David Aldridge challenged me to write about functions that return lists of dates. So here goes
In blogs past I wrote about the joys of calculating year-to-date, YTD, on sparse data sets. To my mind sparsity is a good reason to not include ytd values in slightly aggregated summaries.
But that still leaves us a few methods to calculate YTD on the fly.
- David already mentioned transformation tables
- but dismissed the use of BETWEEN
- in lists of dates can also be used
- as can functions that return tables
I did a few tests on a 600,000,000 row partitioned (816 partitions) table running on Oracle 9.2.0.7 with a degree of parallel set to 2 (see Doug Burns) and bitmap indexes on all of the dimension keys. And to make things slightly more different the year starts on 1-APR-2006. So it’s apples and oranges time if you want to compare things!
The tests
My denormalised time dimension table PS_DN_DT is fairly normal as things go except that it contains various additional columns to contain the date of the beginning of the year (it changes each year) and offsets for same-date-last-year. I also have defined a few data types including DAY_LIST
create or replace TYPE “DAY_LIST” AS
TABLE OF DATE;
And my own package of time series functions. One of these returns a table of date.
function ydt_day (p_day in date) return day_list
as
l_data day_list;
l_first_day date;
begin
select first_day into l_first_day from ps_dn_dt where actual_dt= p_day;
select cast (multiset (select actual_dt from ps_dn_dt
where actual_dt between l_first_day and p_day) as day_list)
into l_data from dual;
return l_data;
end;
Now I will look at three queries based on the same range of dates, 1-APR-2006 to 16-AUG-2006, one branch ‘xxxx’ and one product ‘M111111′ and compare three of the ways to calculate YDT – I’ll leave out David’s table – even though we have something very similar in place in this database. See attached file. Note I ran each query twice
The results
On the face of it there is little real difference in the clock time for any of these queries. There are differences in the query plans but probably the most significant effect is the bitmap indexes allowing the query to zero in on the rows that match.
To tell you the truth – I use the transformation table method in real-life; the table function was a “just for fun to prove I still could code” thing


An alternative solution the YTD problem is by altering the date dimension (assuming one exists).
Add a Y/N flag YTD_COMPARE that gets updated daily based on the “current” date.
So if the year started on 1-Apr then on 15-April then for all years in my dimension the YTD_COMPARE flag would be Y for dates between 1 and 15 Apr inclusive and N otherwise.
This means reports can just join to the date dimension and include YTD_COMPARE = ‘Y’ in the where clause. Simple.
Any thoughts?
By: Paul James on August 17, 2006
at 8:08 am
Paul – sounds a nice idea but I see a few problems – true they can be worked around. Do you clear that flag at the start of a new year?
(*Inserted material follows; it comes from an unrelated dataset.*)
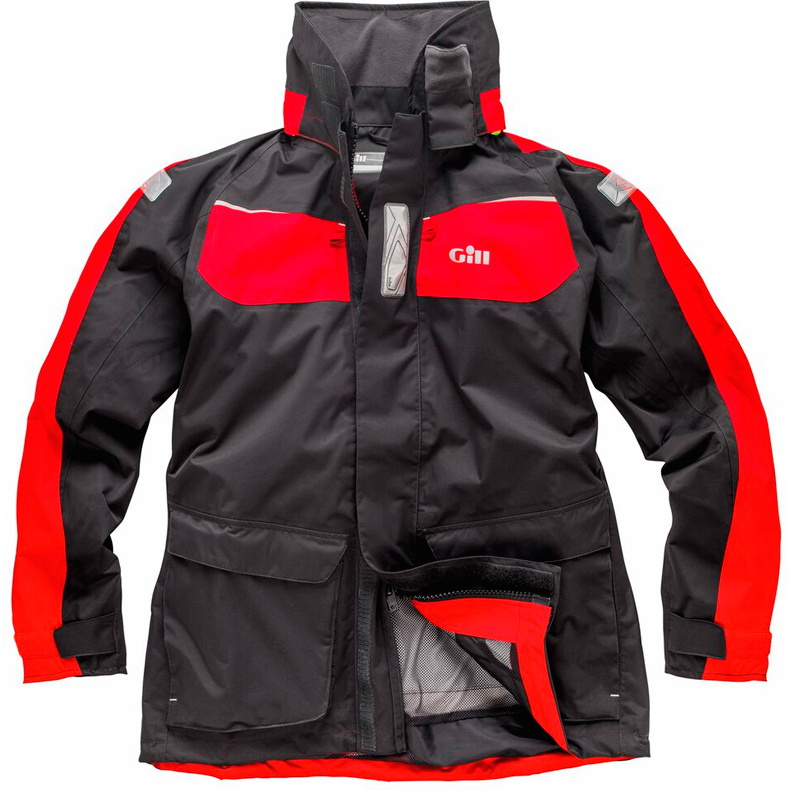 Gill Hommes Coast Jacket Graphite / Rouge IN12J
What happens if I wanted to run a YDT to the 31-Jul some time in Agust?
and if I wanted to look at YTD for a date last year.
By: Pete_S on August 17, 2006
at 12:09 pm
I like these functions for stuff that is very tricky to calculate for some reason, but for simple data sets like this they have the major failing (IMHO) of obscuring the cardinality of the result set from the optimizer.
Which suddenly gives me an idea … back in a moment …
By: David Aldridge on August 17, 2006
at 5:53 pm
I like these functions for stuff that is very tricky to calculate for some reason, but for simple data sets like this they have the major failing (IMHO) of obscuring the cardinality of the result set from the optimizer.
Which is of course what it does – see my next post
By: Pete_S on August 17, 2006
at 6:00 pm
“What happens if I wanted to run a YDT to the 31-Jul some time in Agust?
and if I wanted to look at YTD for a date last year.”
All good points, and shows that my users don’t really use data warehousing to it’s potential.
Mainly because I wouldn’t know how to present YTD at “some point in time” via Business Objects.
We do have a (month*100)+day column so this could be used for these types of queries.
And yes the flag it does get reset at the start of every year.
By: Paul James on August 18, 2006
at 7:44 am
Instead of the table of date function, how about a with clause that generates the table of dates via a connect-by query and then join that to your main query?
By: Michael Smith on November 22, 2006
at 1:33 pm
Michael,
the tricky parts would probably be that the optimizer would be unsure of the cardinality of the subquery, and that it might interfere with effective partition pruning.
By: David Aldridge on November 23, 2006
at 1:56 am
How do I calculate a specific date of the year? Is there a formula or equation to calculate it?
By: rahman on February 9, 2007
at 7:57 am
Rahman
Can you give me an example of what you mean by calculate a specific date of the year?
By: Peter Scott on February 9, 2007
at 1:47 pm
Calculate a specific date of a year from a given date of any year and precisely find the data for daylight savings
eg. 03/11/07 is the daylight savings date for 2007 so what is the date for next year daylight savings date which is 03/09/07. Thank you
By: rahman on March 14, 2007
at 5:33 am
Sorry, that is not the sort of thing I would do.
I would think about using inbuilt timezone functionality within Oracle or the operating system to work this sort of thing out. You have to trust the vendor to get it right though.
By: Peter Scott on March 16, 2007
at 10:48 pm